■ DATA FOR ANALYSIS
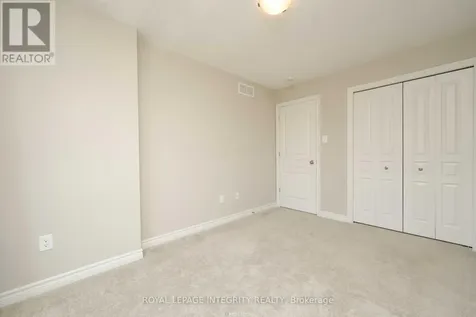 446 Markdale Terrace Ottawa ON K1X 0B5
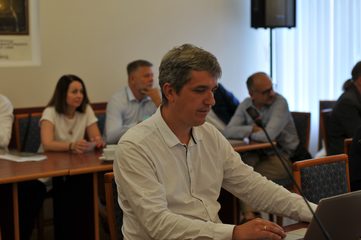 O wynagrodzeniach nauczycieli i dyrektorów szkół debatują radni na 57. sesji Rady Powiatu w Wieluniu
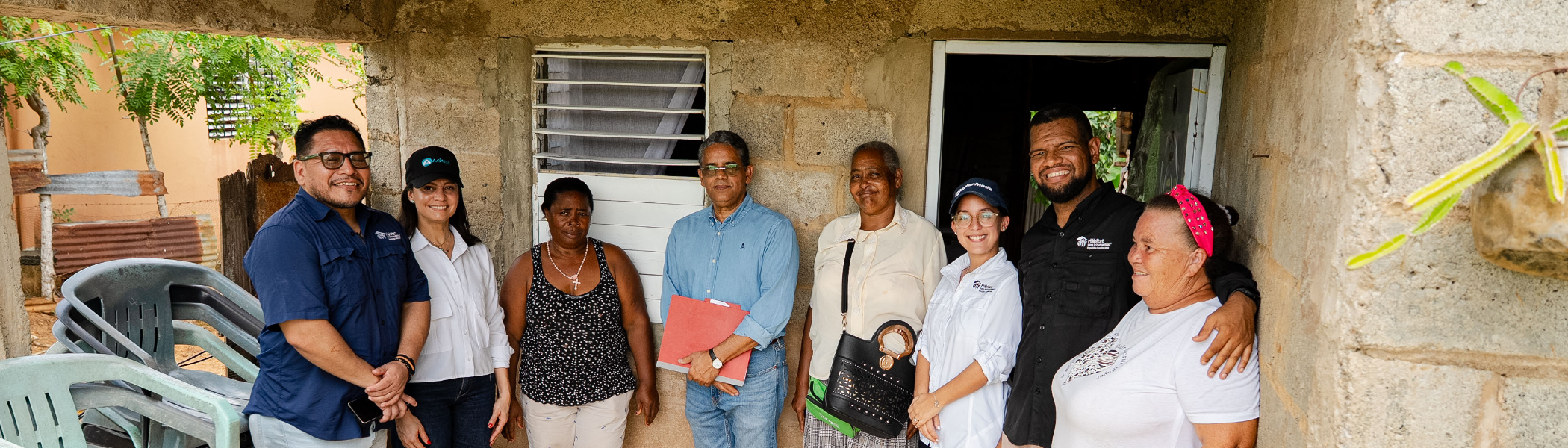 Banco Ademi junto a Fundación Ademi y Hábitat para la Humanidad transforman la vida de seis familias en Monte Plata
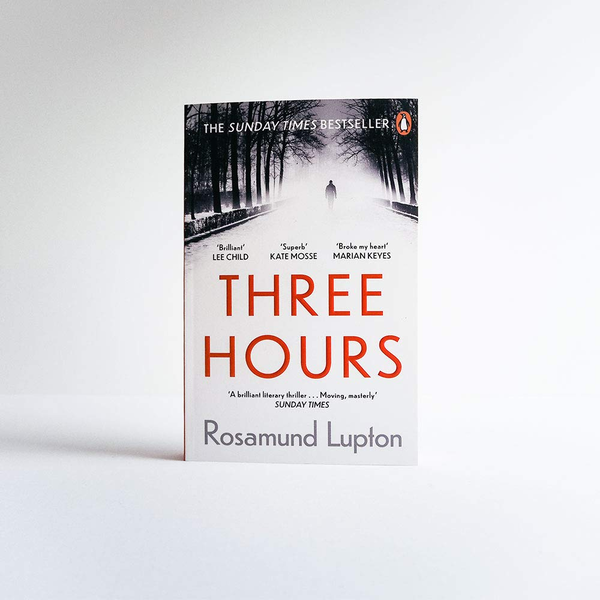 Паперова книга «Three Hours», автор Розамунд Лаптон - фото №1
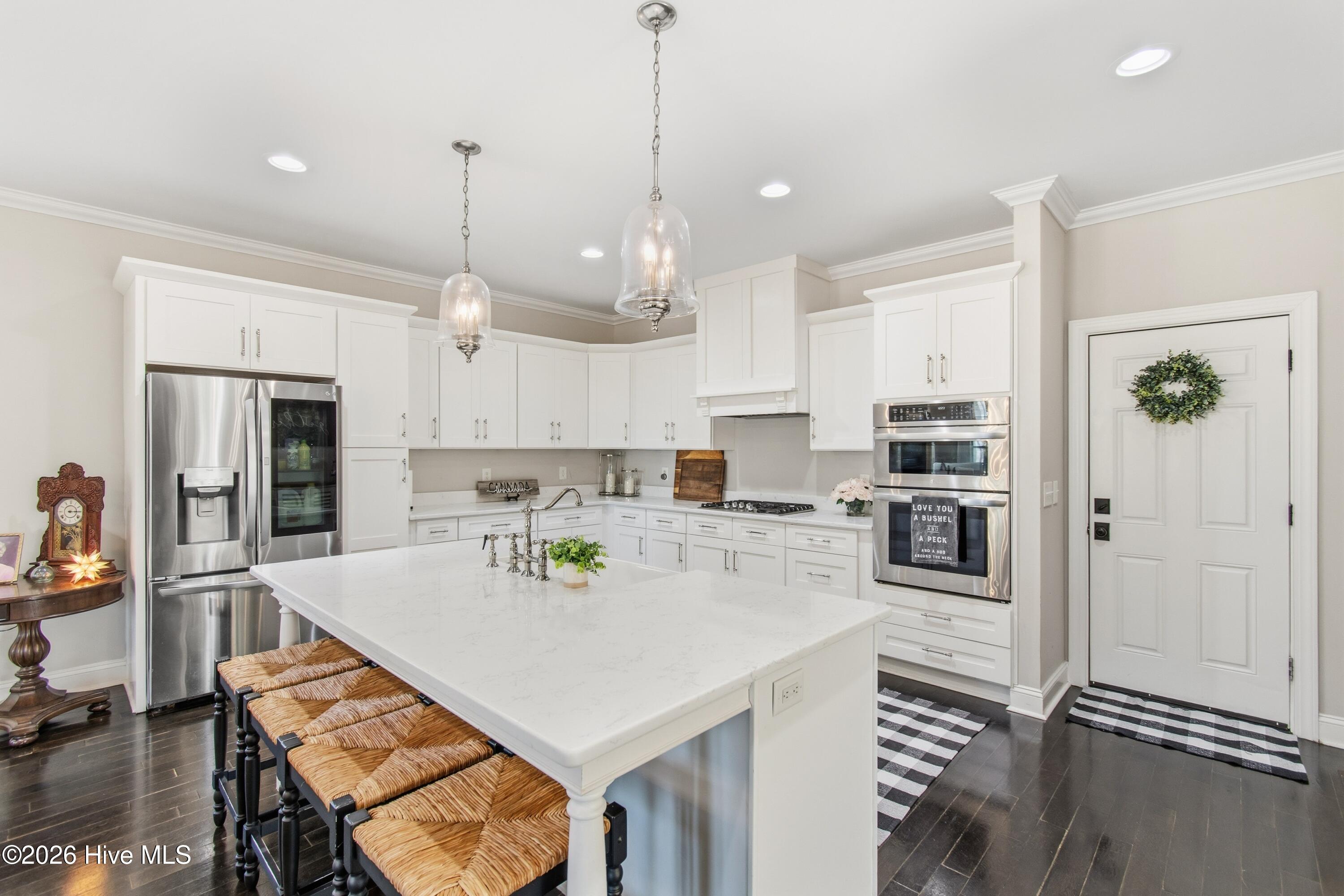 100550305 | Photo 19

...

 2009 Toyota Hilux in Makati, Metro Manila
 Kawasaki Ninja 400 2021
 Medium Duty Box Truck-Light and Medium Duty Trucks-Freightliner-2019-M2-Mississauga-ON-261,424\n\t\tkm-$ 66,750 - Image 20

--

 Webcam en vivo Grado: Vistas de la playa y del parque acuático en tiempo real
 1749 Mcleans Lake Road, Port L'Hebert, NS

■ WHAT TO PRODUCE
All that should appear in the answer is the lines above from the line with "Лаптон - фото №1" through the line with "100550305 | Photo 19", retyped exactly, pictures left out.

■ ANSWER TO THE EXERCISE
 Паперова книга «Three Hours», автор Розамунд Лаптон - фото №1
 100550305 | Photo 19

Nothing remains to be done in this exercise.